4. Les anges ne parlent pas, au sens propre du mot ; ils produisent seulement dans l'air des sons qui sont semblables aux voix humaines.
5. À proprement parler, les anges ne mangent pas : manger c'est prendre une nourriture qu'on peut transformer en sa propre substance. Sans doute, après la résurrection du Christ, les aliments n'étaient pas assimilés à son corps, mais se résorbaient dans la matière préexistante. Cependant le Christ avait un corps tel qu'il pouvait assimiler des aliments ; il mangeait donc véritablement. Mais les anges non seulement n'assimilent pas la nourriture prise aux corps qu'ils ont assumés, mais ces corps ne sont pas naturellement tels qu'ils puissent assimiler des aliments. Ils ne mangent donc pas réellement, mais ce qu'ils font représente la manducation spirituelle. C'est ce que l'ange Raphaël dit à Tobie : « Lorsque j'étais avec vous, je paraissais manger et boire ; mais je me nourris d'un aliment invisible » (Tobie 12.18). Si Abraham offrit de la nourriture à des anges, c'est qu'il les regardait comme des hommes ; cependant c'est Dieu qu'il adorait en eux, parce qu'il était en eux « comme il est d'ordinaire dans les prophètes », selon S. Augustin.
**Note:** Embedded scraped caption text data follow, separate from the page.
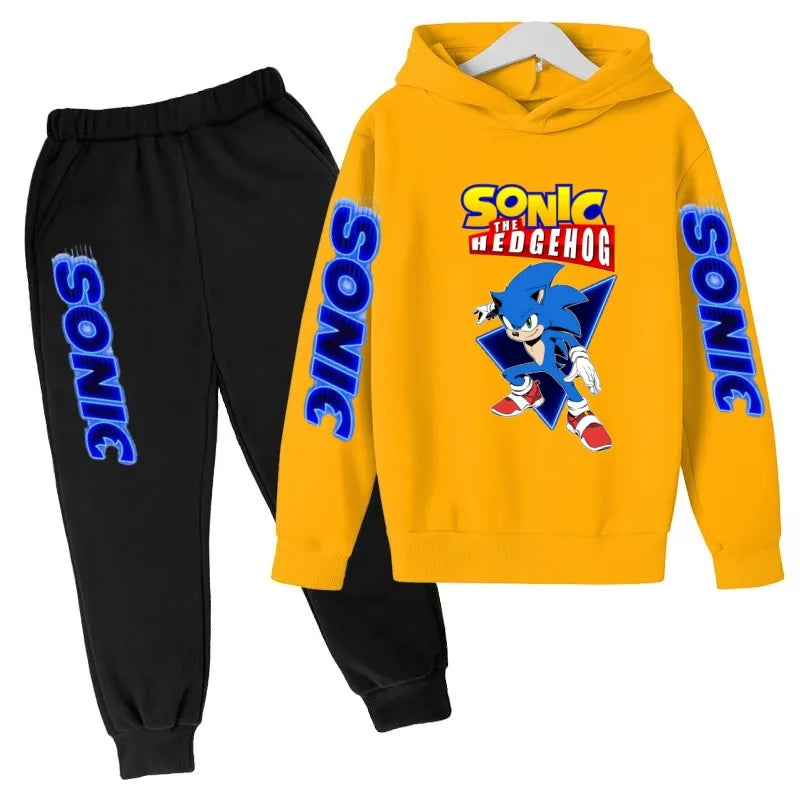 Kids Supersonic Clothing Jogging Blue Sweatshirt Top Coat+Pants Two-piece set Hoodie Boys Girls3-12Yrs Clothes Casual Sports Set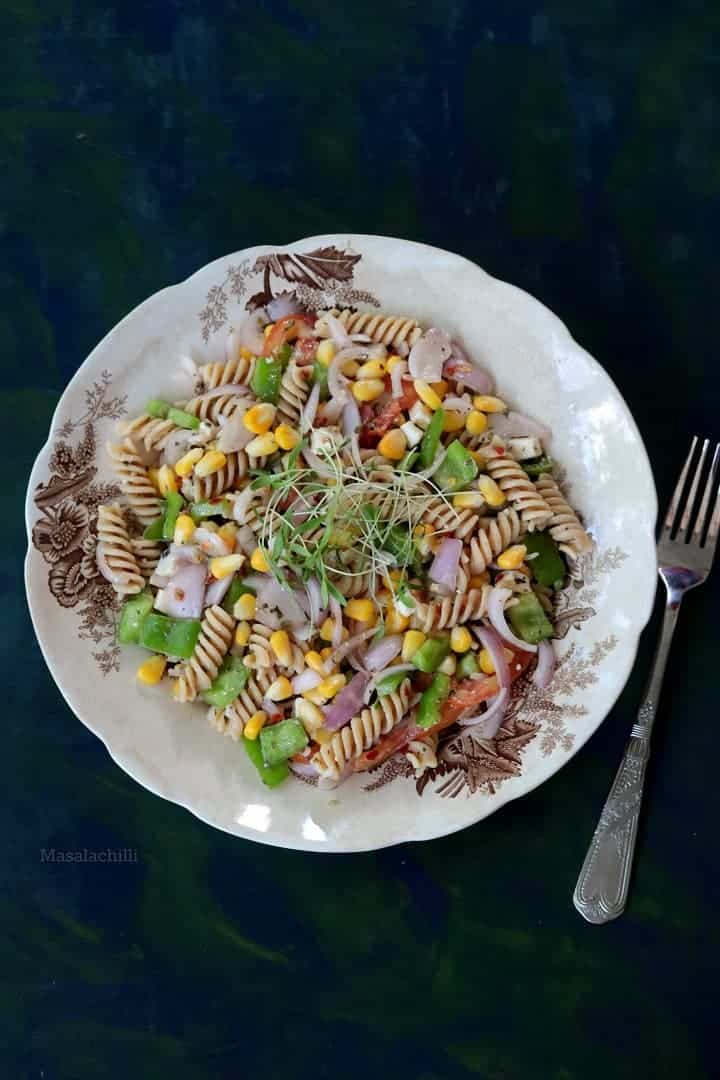 Fresh Vegetarian Pasta Salad Recipe – Masalachilli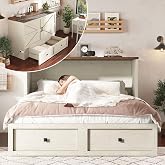 AMERLIFE Queen Murphy Bed with Storage &amp; Charging Station | Distressed White Wood Murphy Cabinet, Farmhouse Foldable Platform Bed, Large Drawer, Noisy Free, Guest Bedroom &amp; Living Room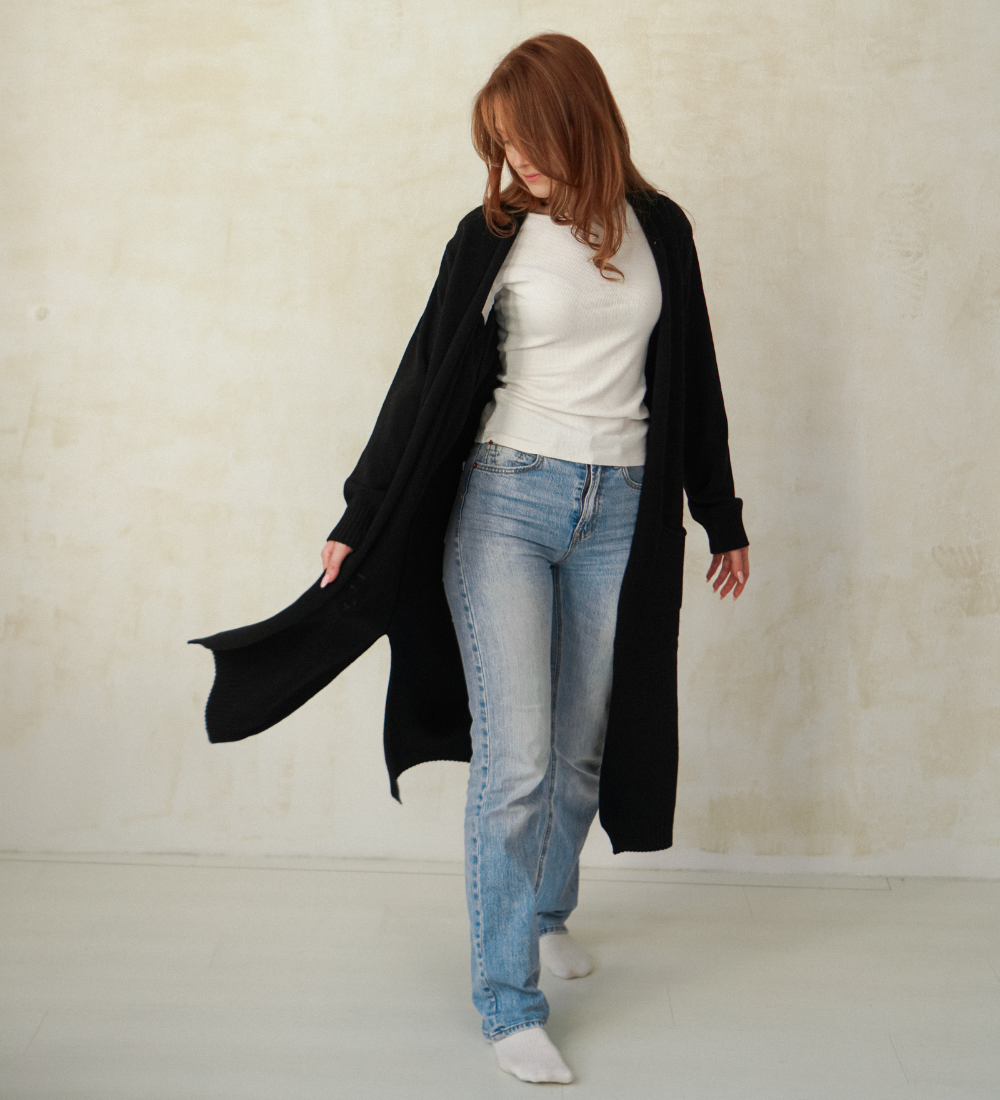 BERA Wollcardigan - Schwarz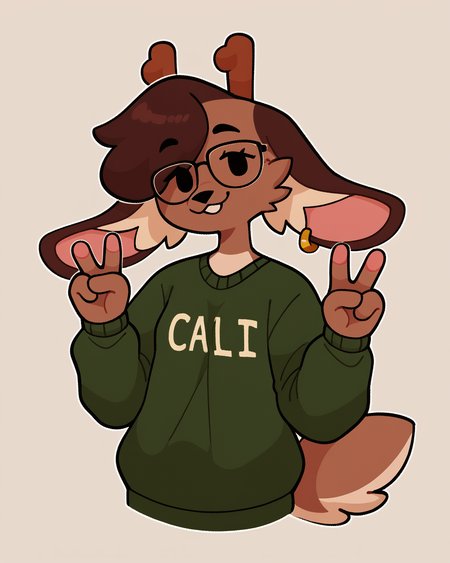 score_9_up, score_8_up, score_7_up, score_6_up, half-length portrait, small breasts, furry, female, furry female, brown hair, dot eyes,  jackalope, antlers, green topwear, green sweater, short hair, female, tail, v sign,  glasses, spats, looking at viewer, solo, earring, neutral expression, socks, three-quarter view, head tilt, simple background, white outline, <lora:Leah_Pines(AIM)_XL_v1:0.15> <lora:PDXL_artist_tags_v2_big:0.5> <lora:The-Minuscule-Task_PDXL_v1.0:0.6>  <lora:Bun_bunhearts:0.6>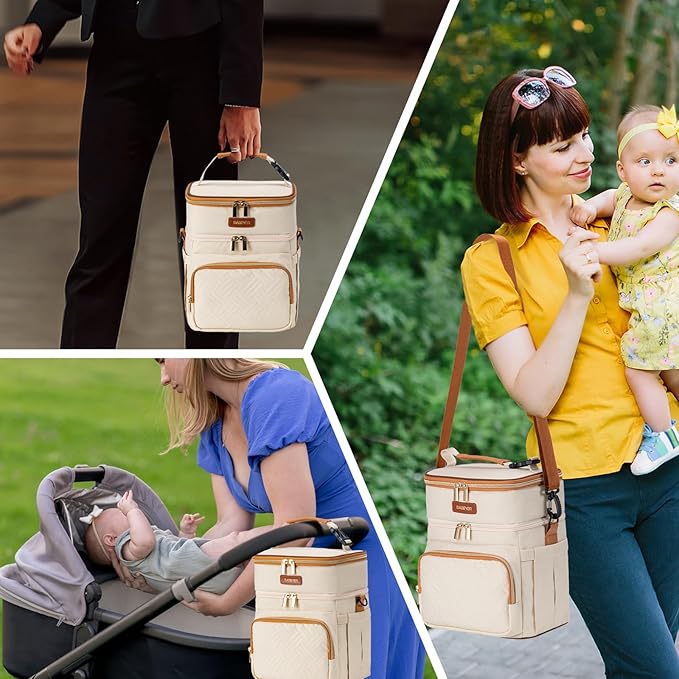 Insulated Breastmilk Cooler Bag with Ice Pack - Holds 6x9oz Bottles, Leakproof Double Layer, Baby Bottle Cooler Bag with Adjustable Strap for Nursing Moms, Daycare & Travel-BubblyBeeBaby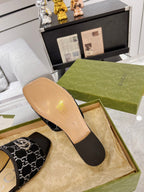 GG EXCLUSIVE SLIDE SANDAL BLACK FABRIC
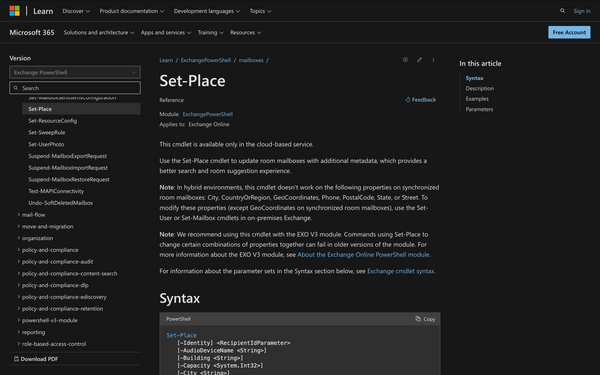 How to use Set-Place in Powershell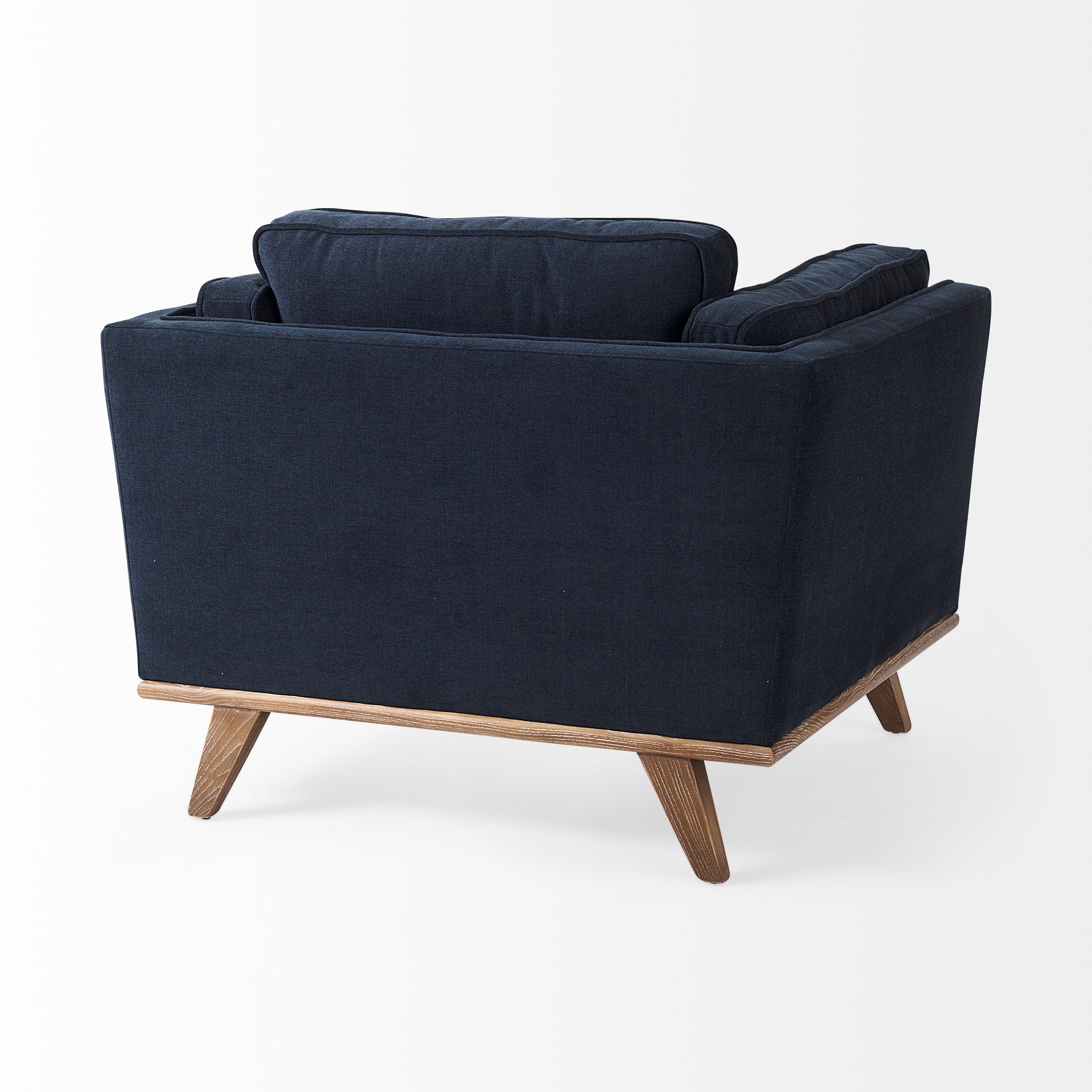 Brooks Navy Blue Fabric Chair with Medium Brown Wooden Legs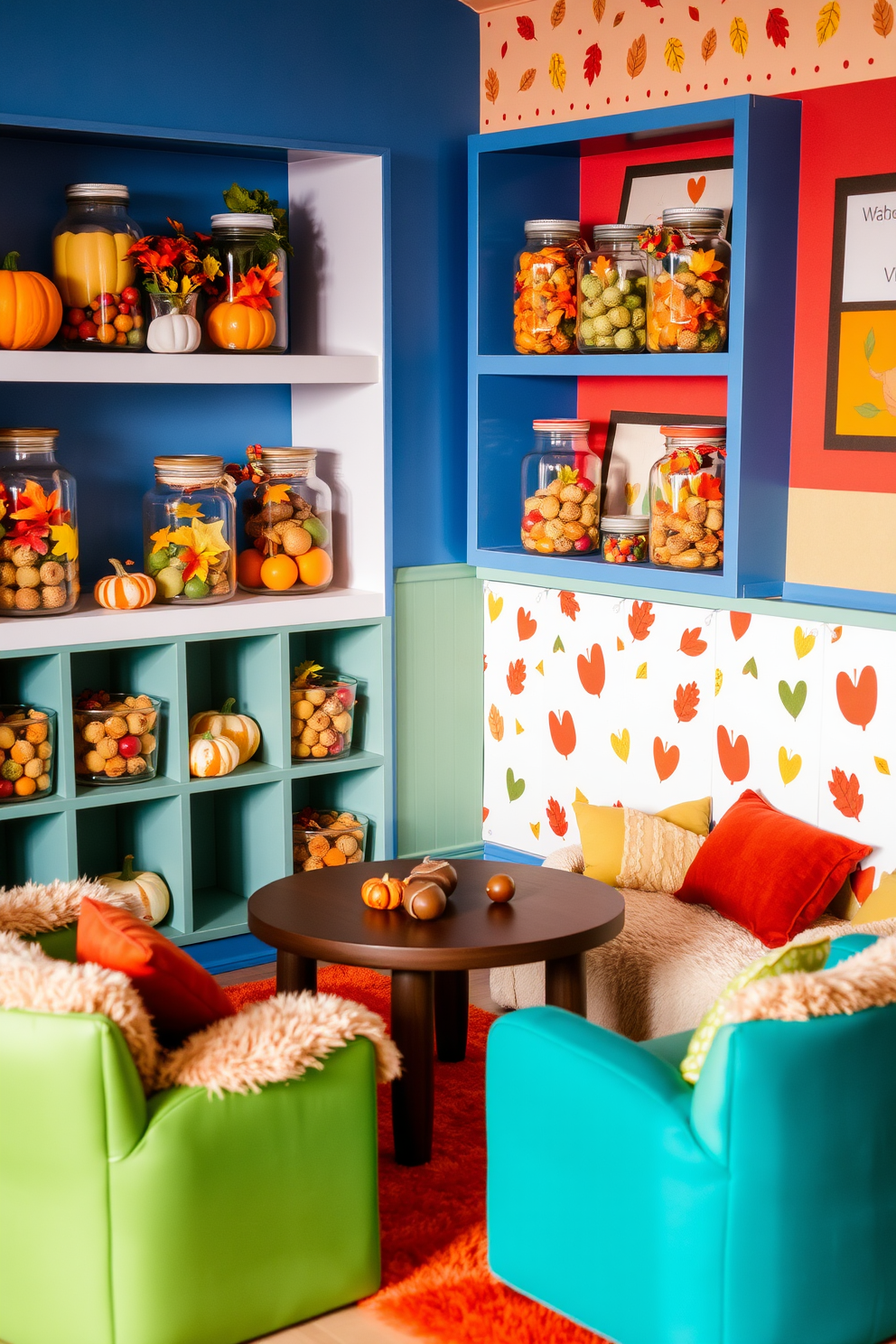 A playful playroom filled with vibrant colors and textures. Decorative jars are placed on shelves, each filled with seasonal items like mini pumpkins, colorful leaves, and acorns for a festive Thanksgiving touch. Soft, plush seating is arranged around a low table, inviting children to gather and play. The walls are adorned with cheerful artwork and playful patterns, creating an engaging and warm atmosphere.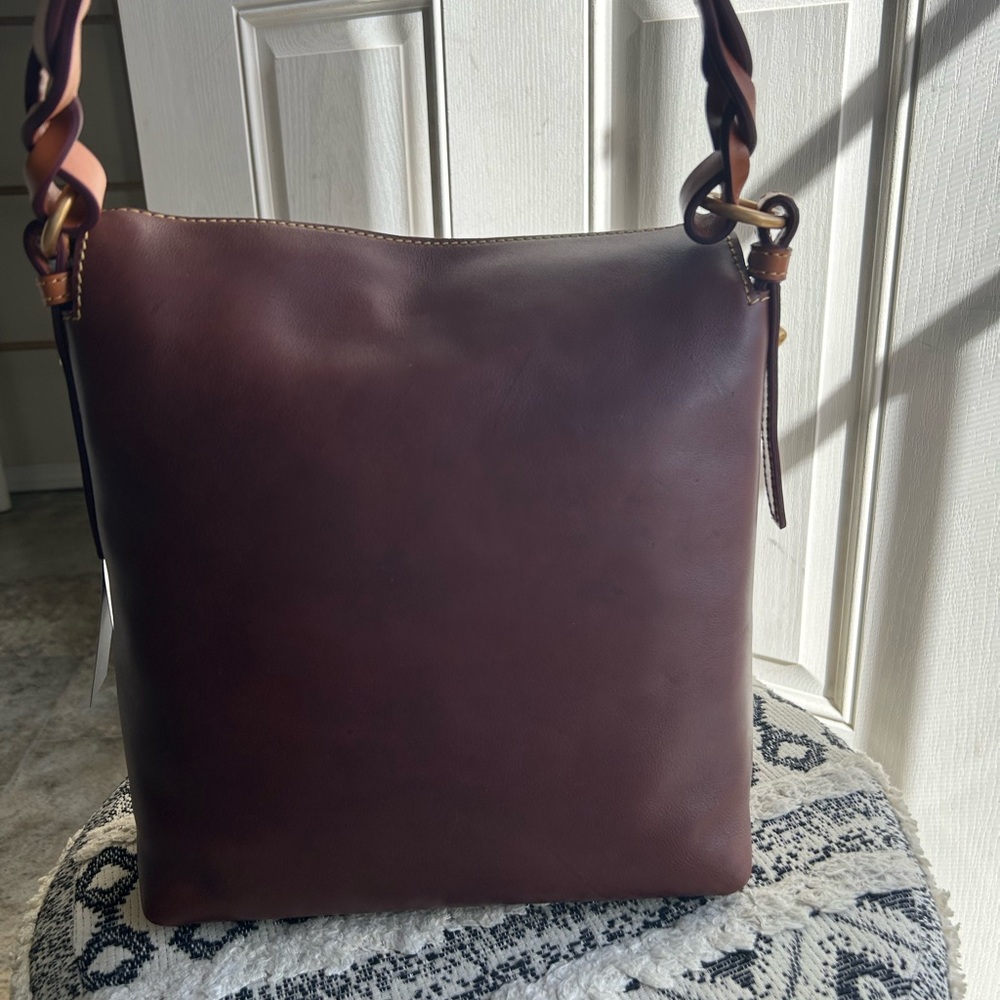 Dooney & Bourke Chestnut Brown Leather Hobo with Tan Handle - Picture 2 of 12
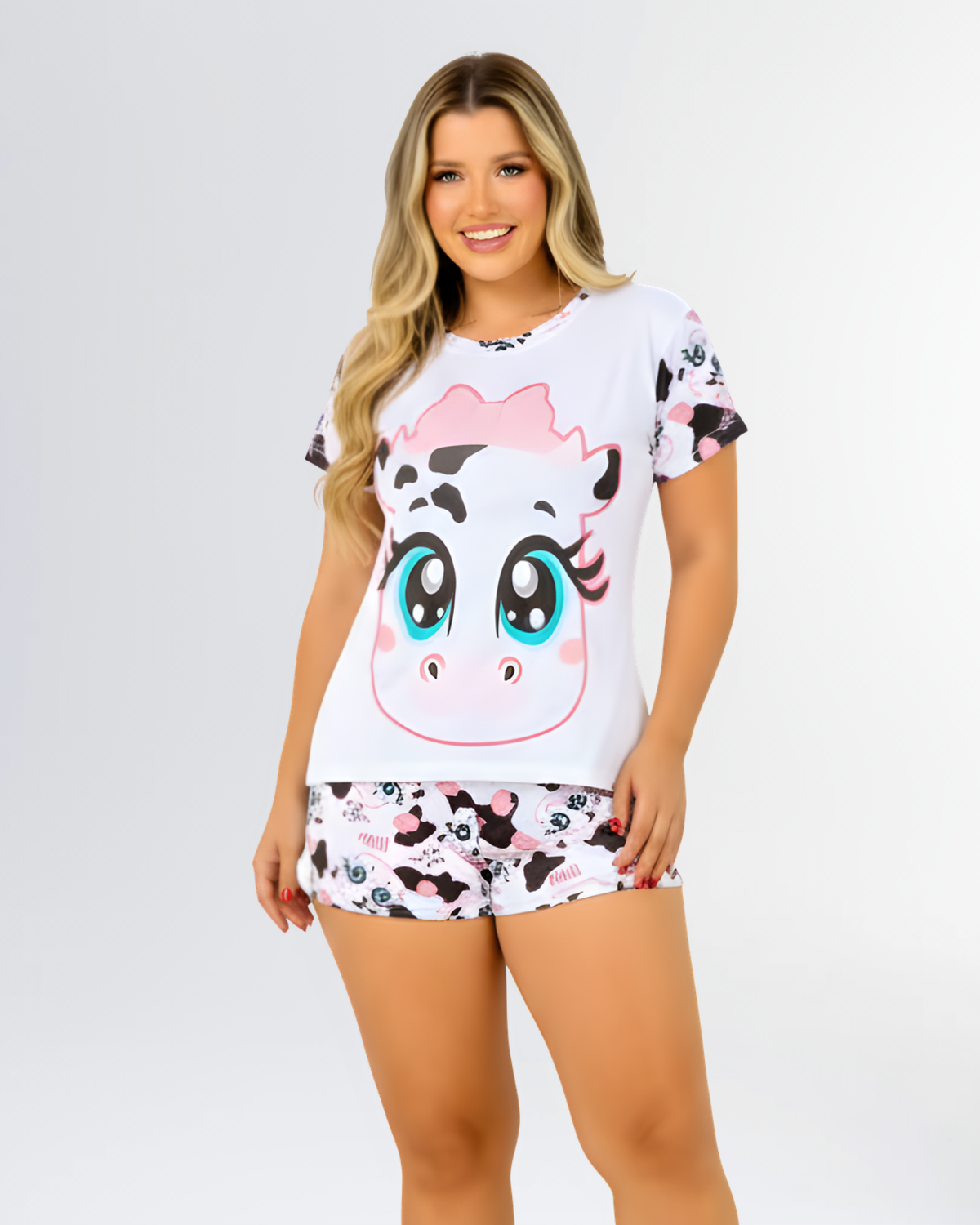 PIJAMA FEMININO - ESTAMPA VAQUINHA CUTE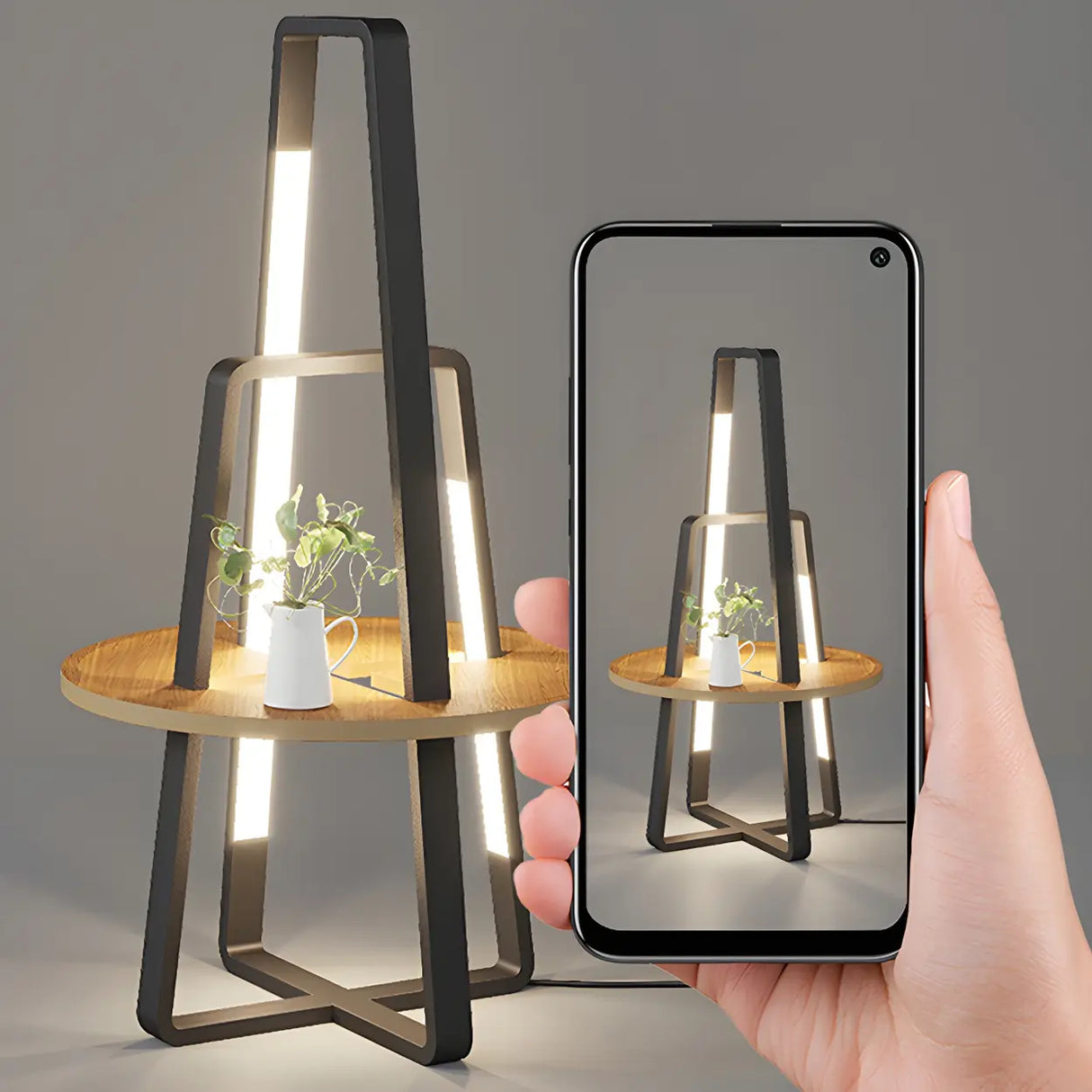 Black Metal Simple LED Geometric Shelf Floor Lamp Image - 12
6. S. Augustin répond : « Beaucoup assurent avoir expérimenté ou avoir entendu dire par ceux qui l'avaient expérimenté, que les sylvains et les faunes (ceux que le vulgaire appelle incubes) se sont souvent présentés à des femmes et ont consommé l'union avec elles ; aussi vouloir le nier paraît de l'impudence. Mais s'il s'agit des saints anges de Dieu, ils n'ont pu en aucune manière tomber ainsi avant le déluge. Il faut donc entendre par “fils de Dieu” les fils de Seth qui étaient bons ; et par “filles des hommes” l'Écriture désigne celles qui étaient nées de la race de Caïn. Il n'y a pas à s'étonner que des géants soient nés de telles unions ; au surplus, ils n'étaient pas tous géants ; mais les géants étaient alors beaucoup plus nombreux que dans les temps postérieurs au déluge. » Cependant, si parfois certains hommes naissent des démons, ce n'est pas au moyen d'une semence émise par ceux-ci, mais par la semence d'un autre homme qu'ils ont recueillie, de telle sorte que le démon qui est succube d'un homme se fasse l'incube d'une femme. De même ils utilisent les semences d'autres êtres pour produire certaines générations, comme dit S. Augustin ; et ainsi celui qui est engendré n'est pas fils du démon, mais de l'homme dont on a recueilli la semence.